# Anyone live in or near Edson, Alberta?



## loudtubeamps (Feb 2, 2012)

I would be asking a massive favor and would certainly pay someone for their time.
I found a guitar for sale in Edson, the owner will not pack and ship it. 
I am looking for someone to scoop it for me , pack and mail it out.
It's not an expensive guitar but I've been looking for one for a while now with no luck in my part of the planet.
cheers, doug.


----------



## keto (May 23, 2006)

You can ask him if he ever comes into Edmonton, there are several of is here - about 2 - 2.5 hours away. I'm sure one or any of us would broker the transaction, I sure would. 

We had a prominent member in that area, but he passed away last year (BigWhiteTele).


----------



## loudtubeamps (Feb 2, 2012)

Thanks keto. The seller does not want to be involved in a long distance transaction, I guess. 
I had one of these a few years back that ended up growing legs and walking off stage during a break.
I have been after a replacement ever since.Guess I'll have to wait till' one surfaces a bit closer to home.
Thanks again, Cheers, d


----------



## greco (Jul 15, 2007)

Doug...What is the make and model of the guitar you are looking for?

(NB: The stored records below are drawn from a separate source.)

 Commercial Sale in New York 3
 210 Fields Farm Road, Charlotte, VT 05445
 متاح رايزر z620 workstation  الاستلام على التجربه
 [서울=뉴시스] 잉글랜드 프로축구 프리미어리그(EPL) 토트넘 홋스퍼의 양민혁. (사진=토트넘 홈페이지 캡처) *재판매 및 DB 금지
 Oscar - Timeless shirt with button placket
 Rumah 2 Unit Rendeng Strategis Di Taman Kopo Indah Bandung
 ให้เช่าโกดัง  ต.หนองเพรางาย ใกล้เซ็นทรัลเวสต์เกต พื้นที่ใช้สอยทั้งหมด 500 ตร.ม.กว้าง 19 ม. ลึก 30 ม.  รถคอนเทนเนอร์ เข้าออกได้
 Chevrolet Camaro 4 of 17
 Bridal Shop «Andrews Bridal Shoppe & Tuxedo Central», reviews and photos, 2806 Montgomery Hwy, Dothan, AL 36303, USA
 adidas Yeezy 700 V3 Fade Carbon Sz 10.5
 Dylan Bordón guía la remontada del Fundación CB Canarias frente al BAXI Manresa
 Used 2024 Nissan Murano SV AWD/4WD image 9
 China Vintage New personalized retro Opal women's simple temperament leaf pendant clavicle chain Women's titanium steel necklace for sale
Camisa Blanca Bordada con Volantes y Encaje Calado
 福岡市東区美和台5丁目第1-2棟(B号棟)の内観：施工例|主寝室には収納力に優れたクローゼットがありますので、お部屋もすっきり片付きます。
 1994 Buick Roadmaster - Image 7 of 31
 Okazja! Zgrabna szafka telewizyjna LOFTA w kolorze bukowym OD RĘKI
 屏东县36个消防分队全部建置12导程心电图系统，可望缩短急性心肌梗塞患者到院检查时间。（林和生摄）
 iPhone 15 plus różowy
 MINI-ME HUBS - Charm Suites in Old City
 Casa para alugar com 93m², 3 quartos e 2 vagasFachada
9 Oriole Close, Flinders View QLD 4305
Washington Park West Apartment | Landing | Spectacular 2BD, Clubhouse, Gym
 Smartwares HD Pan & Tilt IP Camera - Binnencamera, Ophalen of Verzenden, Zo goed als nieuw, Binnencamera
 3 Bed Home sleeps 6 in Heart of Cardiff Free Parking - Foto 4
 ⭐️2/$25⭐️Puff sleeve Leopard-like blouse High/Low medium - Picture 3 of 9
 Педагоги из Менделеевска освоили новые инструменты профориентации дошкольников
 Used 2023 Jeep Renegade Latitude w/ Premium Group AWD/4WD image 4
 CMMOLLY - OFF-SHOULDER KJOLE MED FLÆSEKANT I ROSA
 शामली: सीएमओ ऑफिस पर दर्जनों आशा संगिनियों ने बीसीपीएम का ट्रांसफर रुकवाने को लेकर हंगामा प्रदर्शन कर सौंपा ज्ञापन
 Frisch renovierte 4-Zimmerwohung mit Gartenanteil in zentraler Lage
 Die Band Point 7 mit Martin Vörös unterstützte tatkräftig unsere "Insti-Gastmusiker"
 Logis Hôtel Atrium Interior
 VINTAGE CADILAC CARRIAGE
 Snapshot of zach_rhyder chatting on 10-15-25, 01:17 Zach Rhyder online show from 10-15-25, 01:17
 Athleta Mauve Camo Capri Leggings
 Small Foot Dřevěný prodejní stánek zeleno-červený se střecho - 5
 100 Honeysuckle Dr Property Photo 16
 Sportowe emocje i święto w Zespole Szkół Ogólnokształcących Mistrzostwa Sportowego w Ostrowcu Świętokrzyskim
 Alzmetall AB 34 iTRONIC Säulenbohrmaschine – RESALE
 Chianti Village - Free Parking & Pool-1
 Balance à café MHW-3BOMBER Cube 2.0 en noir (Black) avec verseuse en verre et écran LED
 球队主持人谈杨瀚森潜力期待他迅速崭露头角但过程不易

.......Just in case any of us see one advertised.

You might also want to make a specific "Looking for"..."WTB" thread with details.

Cheers

Dave


----------



## blam (Feb 18, 2011)

Great idea Greco.


----------



## loudtubeamps (Feb 2, 2012)

Thanks for the tips everyone.
I'm not authorized to place ads here.
This was the ad that I responded to with a definite no from the buyer, as far as shipping it to me.
cheers, d. 
Squier Esprit - Edmonton Musical Instruments For Sale - Kijiji Edmonton Canada.


----------



## mhammer (Nov 30, 2007)

Is the seller disinclined to engage in a long distance transaction because:

a) It's just too much of a P.I.T.A. to pack it up?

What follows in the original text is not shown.